Exactly as written, output the lines below starting from the first and ending with the line that contains "Japanese Diamond Line"; omit pictures.

[DATASET EXCERPT]
++++++++++++++++++++

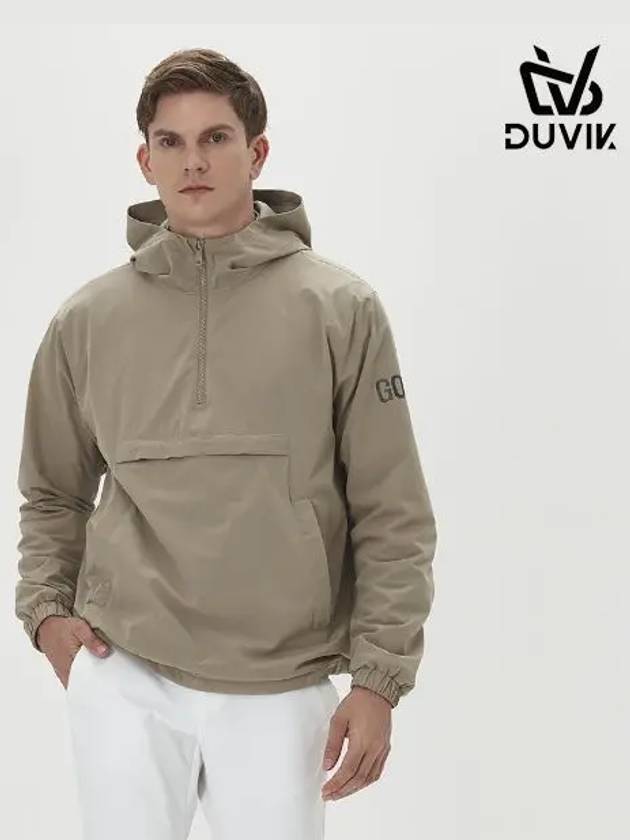 Men s brushed hooded anorak windbreaker DE3MWB553TB - DUVIK - BALAAN 3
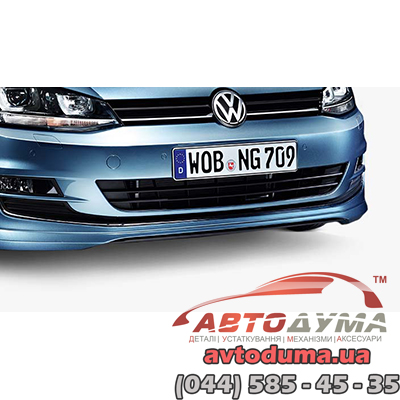 Фронтальный спойлер (обвес переднего бампера) для Volkswagen Golf А7 5G0071606GRU Фронтальный спойлер (обвес переднего бампера) для Volkswagen Golf А7 5G0071606GRU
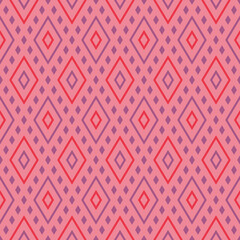 Japanese Diamond Line Vector Seamless Pattern
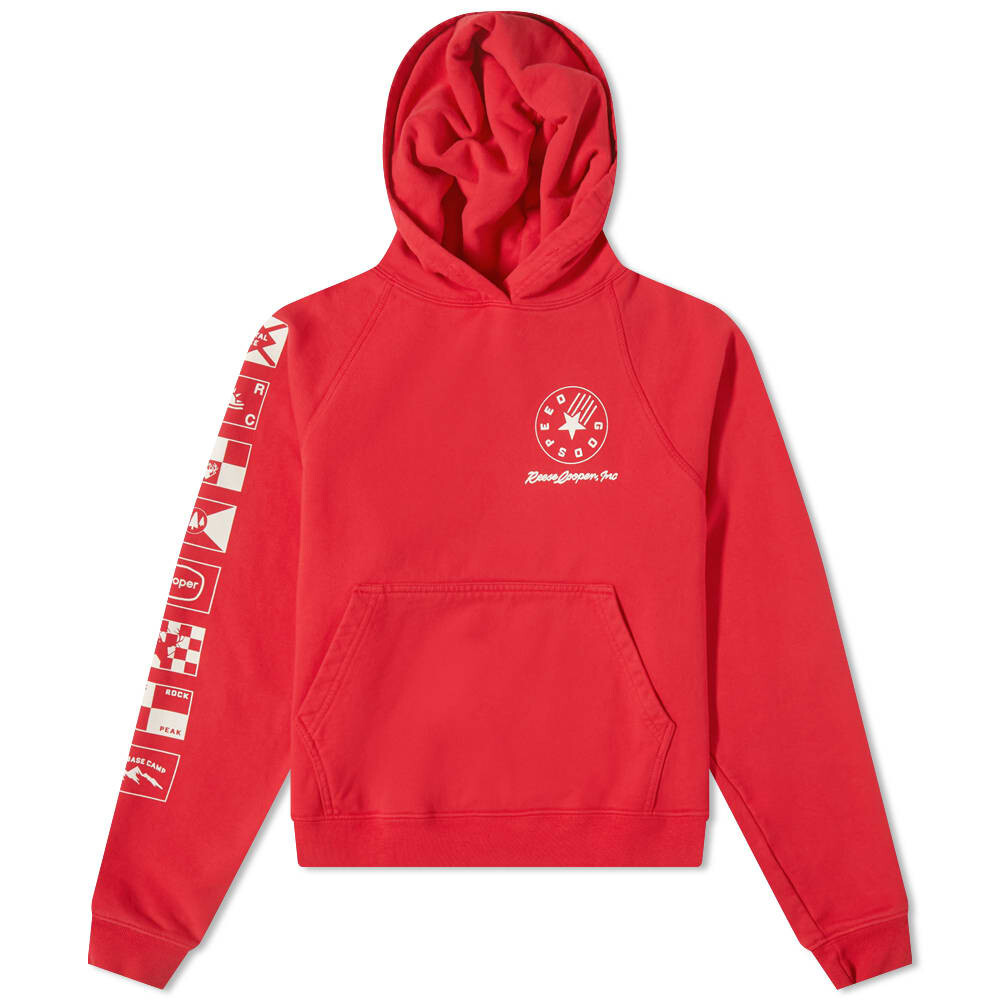 

Толстовка Reese Cooper Flags Popover Hoody, Красный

++++++++++++++++++++

[WRITTEN ANSWER]
 Men s brushed hooded anorak windbreaker DE3MWB553TB - DUVIK - BALAAN 3
 Фронтальный спойлер (обвес переднего бампера) для Volkswagen Golf А7 5G0071606GRU Фронтальный спойлер (обвес переднего бампера) для Volkswagen Golf А7 5G0071606GRU
 Japanese Diamond Line Vector Seamless Pattern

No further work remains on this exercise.